[WORK INSTRUCTION]:
Up to and including the line containing "Image 3 Mitsubishi Outlander ES 2025", please reproduce the lines of the listing below, starting from the top.

START RECORDS FOR THIS EXERCISE

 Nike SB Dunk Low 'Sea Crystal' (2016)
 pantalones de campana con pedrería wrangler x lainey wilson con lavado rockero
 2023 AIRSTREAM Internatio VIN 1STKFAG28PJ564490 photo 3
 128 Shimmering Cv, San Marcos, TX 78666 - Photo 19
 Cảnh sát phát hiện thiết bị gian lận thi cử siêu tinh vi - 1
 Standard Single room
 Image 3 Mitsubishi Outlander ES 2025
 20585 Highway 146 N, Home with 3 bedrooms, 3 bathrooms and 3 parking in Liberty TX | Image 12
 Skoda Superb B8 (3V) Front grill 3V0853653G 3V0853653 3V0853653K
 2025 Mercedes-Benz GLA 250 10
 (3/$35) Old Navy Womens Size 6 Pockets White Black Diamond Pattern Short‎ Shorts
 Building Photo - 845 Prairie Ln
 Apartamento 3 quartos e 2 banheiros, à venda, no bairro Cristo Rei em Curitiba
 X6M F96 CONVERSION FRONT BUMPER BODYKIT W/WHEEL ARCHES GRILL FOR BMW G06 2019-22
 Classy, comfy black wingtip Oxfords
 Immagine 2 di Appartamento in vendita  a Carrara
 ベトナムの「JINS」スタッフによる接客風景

END RECORDS FOR THIS EXERCISE

[SOLUTION TO THIS PROBLEM]:
 Nike SB Dunk Low 'Sea Crystal' (2016)
 pantalones de campana con pedrería wrangler x lainey wilson con lavado rockero
 2023 AIRSTREAM Internatio VIN 1STKFAG28PJ564490 photo 3
 128 Shimmering Cv, San Marcos, TX 78666 - Photo 19
 Cảnh sát phát hiện thiết bị gian lận thi cử siêu tinh vi - 1
 Standard Single room
 Image 3 Mitsubishi Outlander ES 2025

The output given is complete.